1/28/16

Obesity and Eating Disorder Treatment in Medicine

Obesity treatment is an increasingly important field in public health. Many posts in this blog have explained the intersection between obesity and eating disorder treatment although there is little practical collaboration. The fields have very little overlap in research and clinical work despite a significant need for the two to work together. 

The obesity branch of medicine focuses on understanding overall metabolism through a biological framework. Research elucidates chemical pathways in order to produce medications to control weight. Patient education revolves around nutrition and lifestyle choices. Bariatric surgery is always an option when the general medical approach is ineffective. 

Eating disorder treatment does not focus on biology and medications since that treatment is minimally effective at best for recovery. Instead the clinical approach uses a psychological model to approach meal plans and food support to normalize eating. Psychotherapy helps identify emotional triggers that lead to eating disorder symptoms and allows patients to more easily adhere to normalized eating and cope with stresses in different ways. 

It's typical that these two disparate branches of medicine do not see how complementary the models could be. Chronic eating disorders cause significant damage to metabolism. Obesity research and medications can often help normalize metabolism faster, something critical for patents early in recovery after a long illness. Similarly, many patients seeking help for obesity need to better understand the interaction between food and their emotional states to have better outcomes in an attempt to regain health. 


It behooves both clinical worlds to see each other as collaborators to help the growing population who suffer from these illnesses.
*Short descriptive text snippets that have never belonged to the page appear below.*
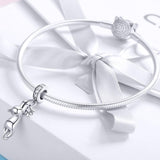 925 Sterling Silver Cat Charm For Diy Bracelet Style - Pendant - Close-Up Angle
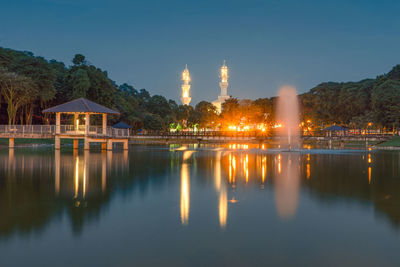 Reflection of illuminated city at night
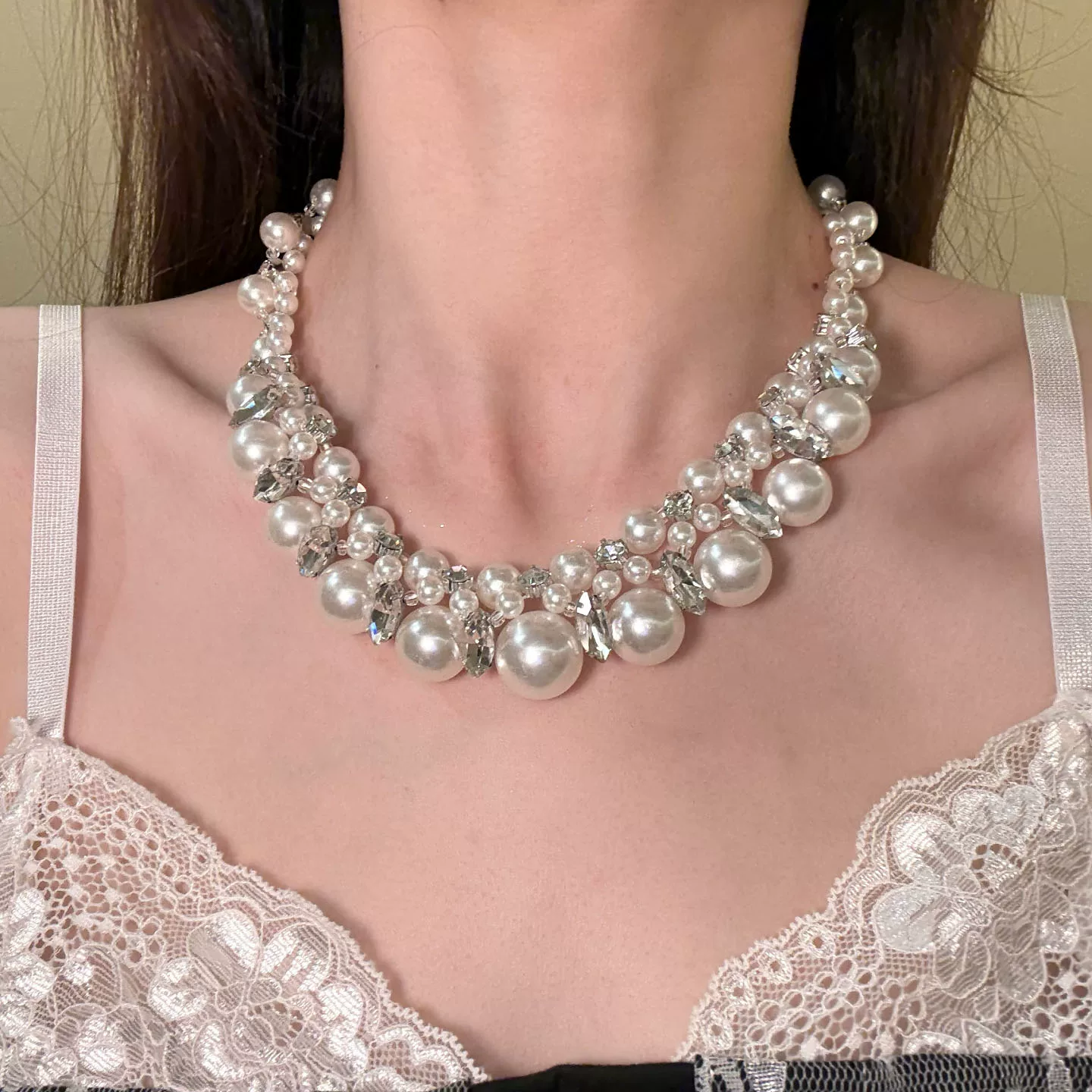 Vintage Schlüsselbein-Kette Luxus Perlen-Halskette Damen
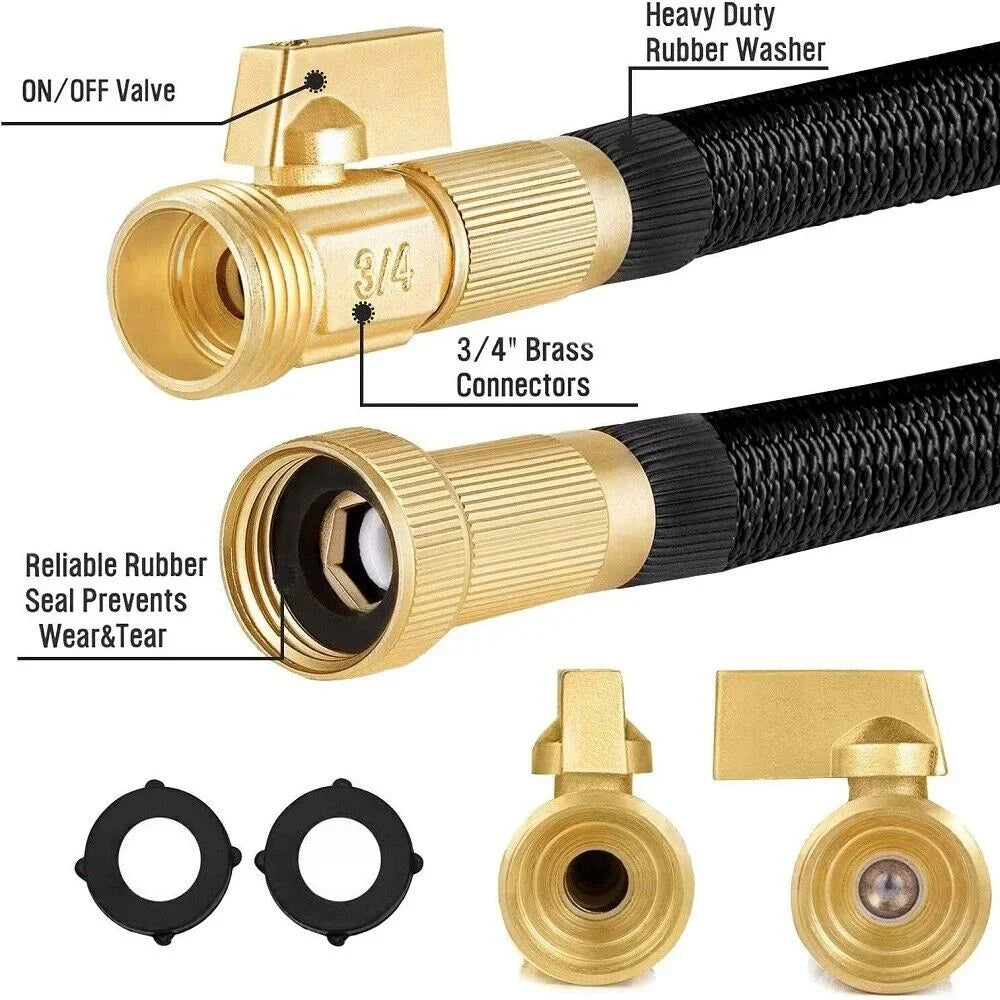 Expandable Garden Hose with 8-Pattern Spray Nozzle – Durable, Flexible, Multipurpose, Black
An increasingly coordinated understanding of the complex effect of abundance of foods and the onslaught of high fat, high sugar and processed foods in our diet will increase the overall health of our population.

1/21/16

Subtypes of Binge Eating Disorder and Treatment

Binge Eating Disorder was the first eating disorder considered a true illness by the psychiatric community besides anorexia and bulimia. It is still underdiagnosed and often unrecognized although the approval of Vyvanse for treatment last year, if questionable, brought needed attention to the disease.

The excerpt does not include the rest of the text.